Josh Brunty, US Cyber Team Head Coach, US Cyber Games

Dr. Josh Brunty is a Professor of Cyber Forensics & Cybersecurity with a joint appointment in the Department of Criminal Justice, Criminology, and Forensic Sciences and Department of Computer Sciences and Electrical Engineering. He also serves as the Research Lead for the Institute of Cyber Security. Prior to joining Marshall University in 2012, he served 7 years as a Digital Forensics Examiner, Technical Leader, and Technical Assessor for both the state and federal government sectors. He currently serves as Head Coach of the US Cyber Team for the US Cyber Games, leading the US national team in international cybersecurity competitions. Since 2013, he has served as Faculty Advisor and coach of Marshall University’s Collegiate Cyber Defense Competition Team, which won the National Cyber League Championship in 2020. 

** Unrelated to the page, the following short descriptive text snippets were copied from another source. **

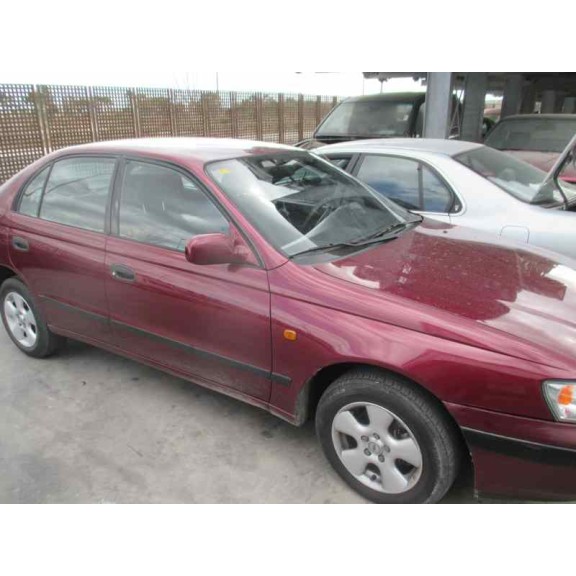 toyota carina (t19) del año 1996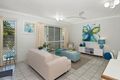 Property photo of 3/37 Lindsay Street Rosslea QLD 4812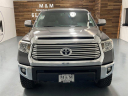 Thumbnail image of 2014 Toyota Tundra at M&M Investment Cars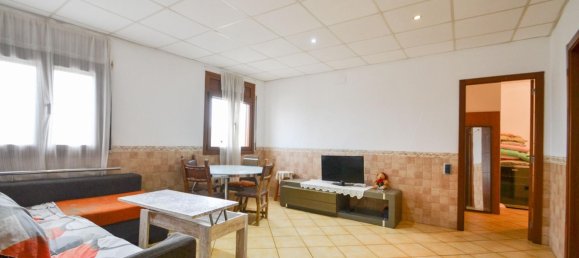 Casa T1 em Deltebre, Spain N.º 114169 6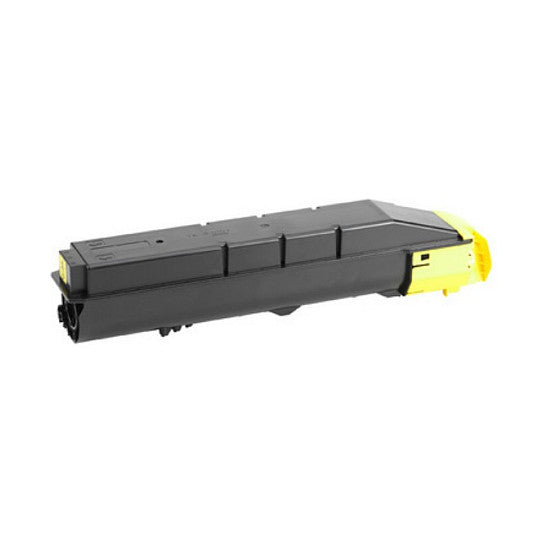 Kyocera TK-8305Y / gelb / 15.000 Seiten /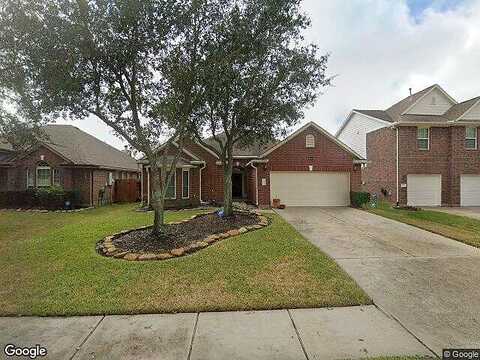 Letchfield Hollow, SPRING, TX 77379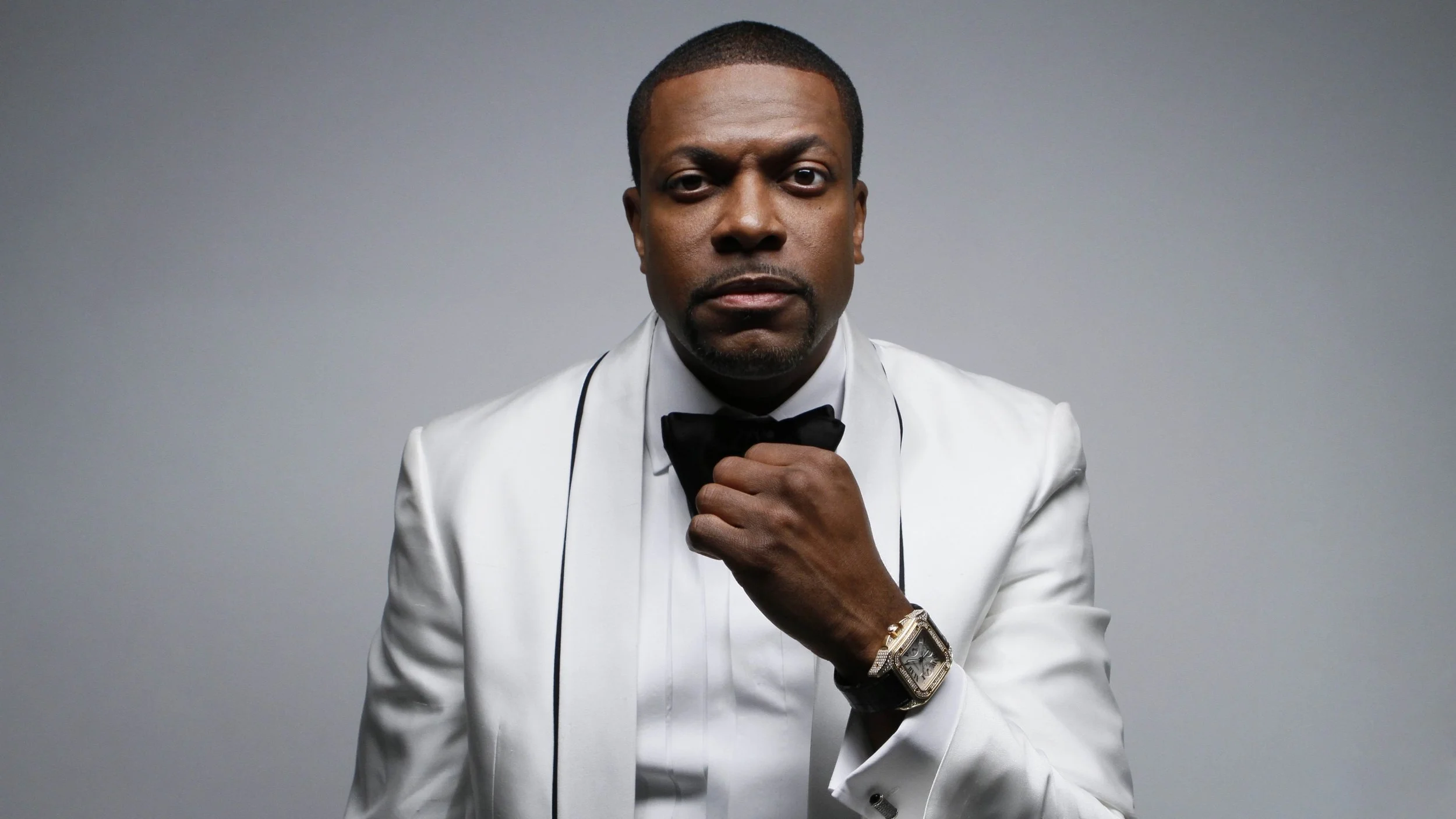 Chris Tucker headshot 2015 2.jpg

He serves on the editorial boards of Forensic Science International: Digital Investigation and the Journal of Forensic Sciences, and is a member of the NIST Organization of Scientific Area Committee (OSAC) on Digital Evidence. He is a Fellow of the Digital and Multimedia Sciences Section of the American Academy of Forensic Sciences (AAFS) and has received multiple awards for teaching and research excellence. His research has been funded by organizations including the United States Secret Service, Department of Homeland Security, and National Institute of Justice. He has published extensively on digital forensics, most notably co-authoring the textbook Social Media Investigation for Law Enforcement and award-winning research on forensic analysis of wearable devices.